# Hos do you develop Polaroid 55PN film if the chemistry is dried out?



## orlovphoto (Jul 29, 2012)

The title is self-explanatory enough I think....


I have a bunch of this film and in a lot of it the original chemistry has dried out... So I'm stuck developing it in the darkroom.

Today I tried doing it in BTZS tubes and with HC-110 dilution B for 6 and then 10 minutes - results were very thin :thumbdown:  (the 10 minute one might yield a good print with grade 4-5 or so, but I want that beefy look that you get with original chemistry...). 

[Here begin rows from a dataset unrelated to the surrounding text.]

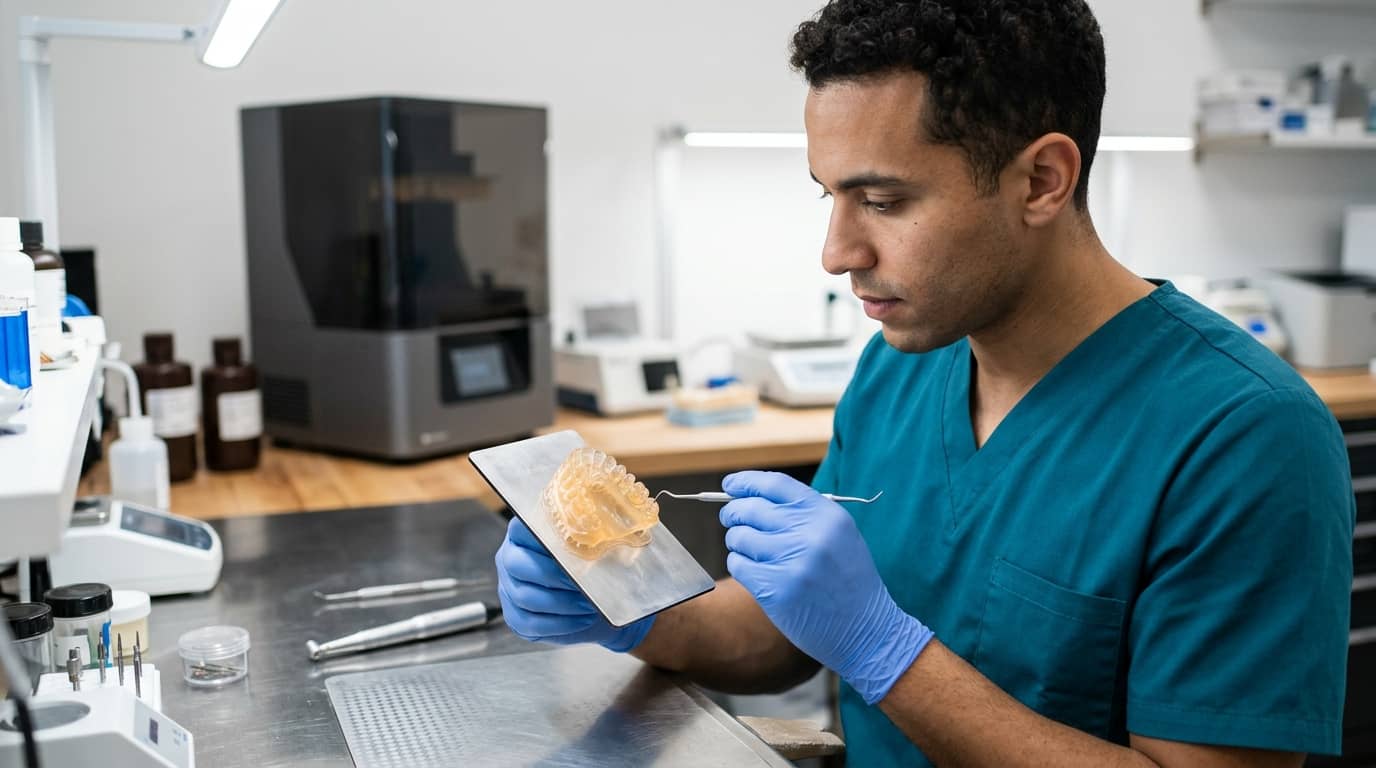 Dental 3D Printing Course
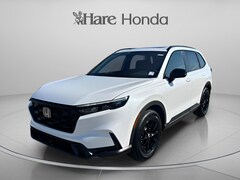 2026 Honda CR-V Hybrid Sport-L SUV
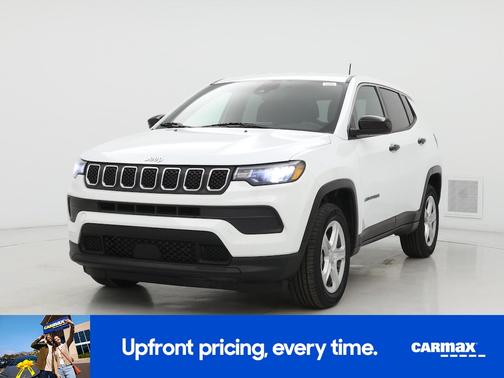 2023 Jeep Compass Sport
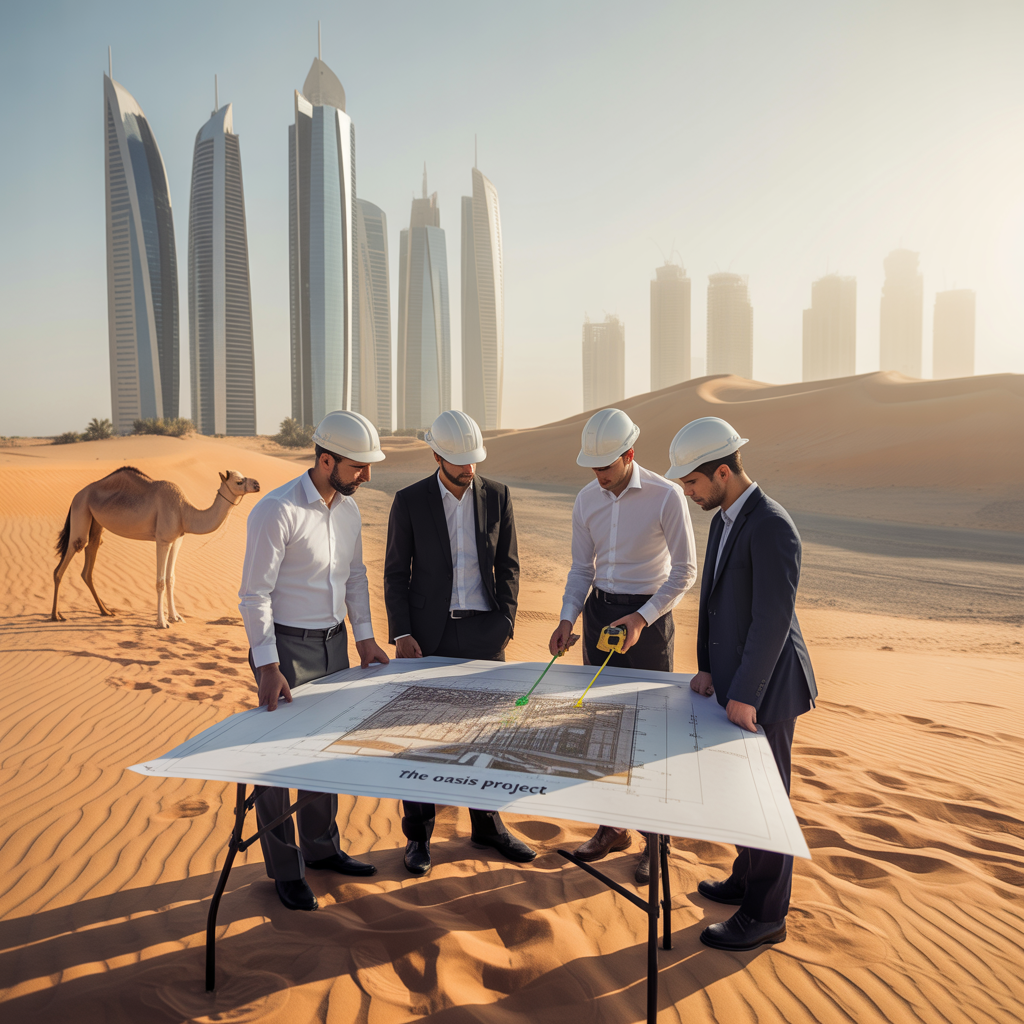 فحص الموقع في الإمارات
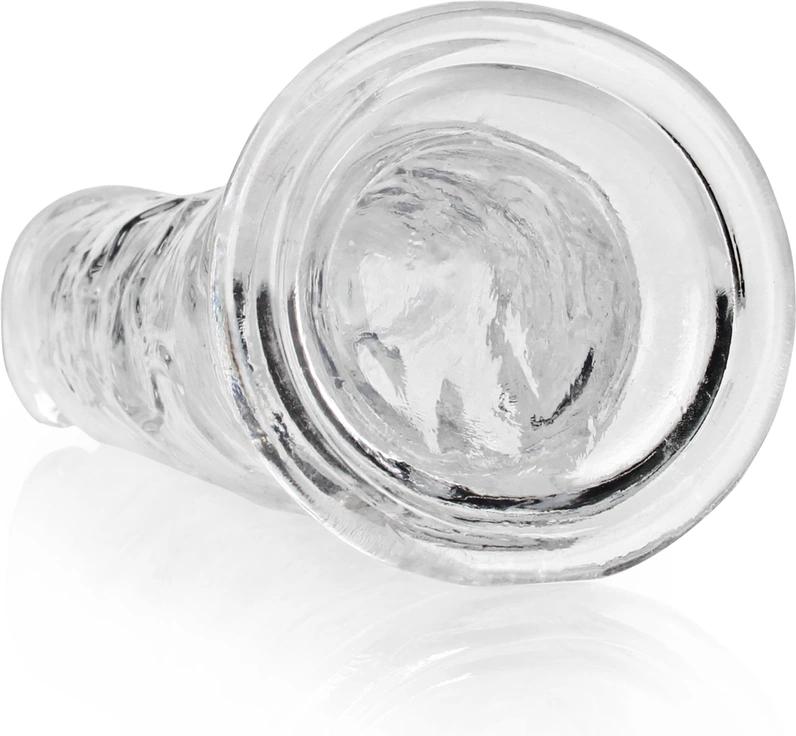 RealRock - Realistic Dildo with Suction Cup 23 Cm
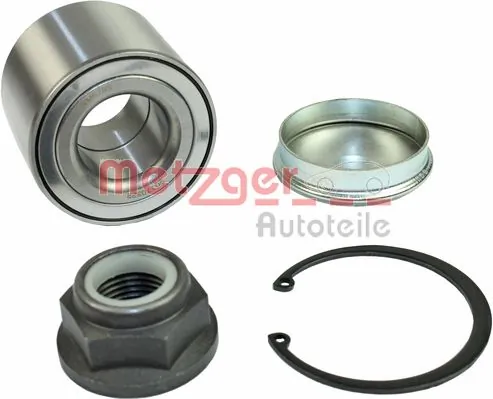 METZGER WM6799 cojinete de rueda trasero Renault DUSTER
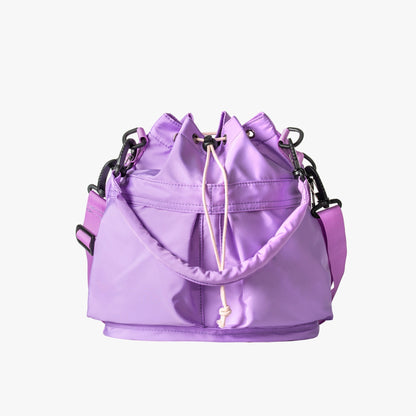 Variant image for Damen Tasche Nylon mit abnehmbarem Gürtel und mehreren Fächern-7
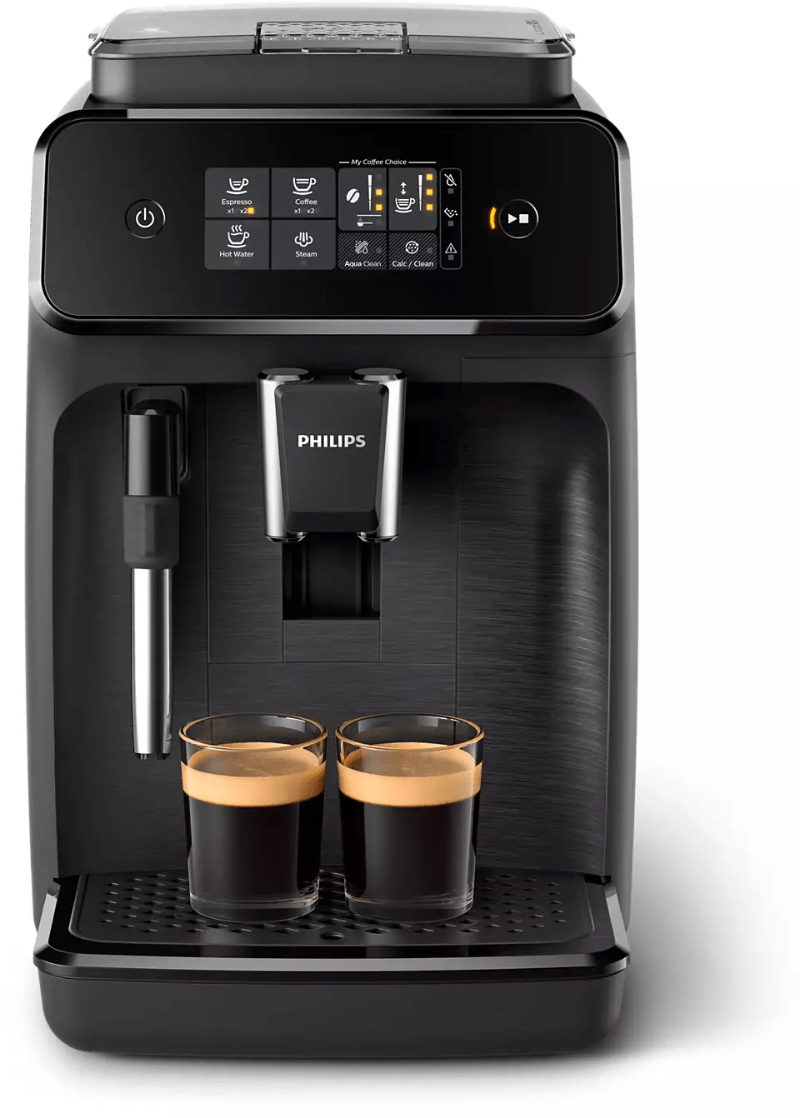 Philips Series 1200W Fully Automatic Espresso Machines EP1220/00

Is there a known formula of developer/time for this stuff? 
Also, I fixed it in regular non-hardening hypo, should I have used the Sulfite that is usually used with it? I don't see how that would make a difference, but I could be wrong - maybe my fixer was too strong and bleached it... but then again, I flipped the lights on after 30sec and didn't see it thinning out during the 3 minutes I held it in the Hypo tray.

Thanks folks!


----------



## ann (Jul 30, 2012)

I have just used the standard methods, hangers also with HC110 solution b, but I don't remember the times. However, i also rated the film at half the recommend ISO.

Would never turn on the lights during fixing.


----------



## compur (Jul 30, 2012)

Did you know there is a project in the works to bring back Type 55?
New55 Film


----------



## Alex_B (Jul 30, 2012)

compur said:


> Did you know there is a project in the works to bring back Type 55?
> New55 Film



How interesting is that!

Hmm, wonder if there is any back for my 4x5 that will take the film.


----------



## ann (Jul 30, 2012)

compur said:


> Did you know there is a project in the works to bring back Type 55?
> New55 Film




That would be nice; however, I haven't been happy with their sx-70 films; meaning the Impossible Project film.

Is this a different group?


----------



## compur (Jul 30, 2012)

Yes, it's a different group.

Click on the slide show link within above site to see samples.

It's supposed to be compatible with existing Polaroid 4x5 holders according to their info.


----------



## orlovphoto (Jul 30, 2012)

By god I hope it's not the Impossible guys - their films SUCK! I will buy a pack of it again in 5 years - see if it's worth it by then.


----------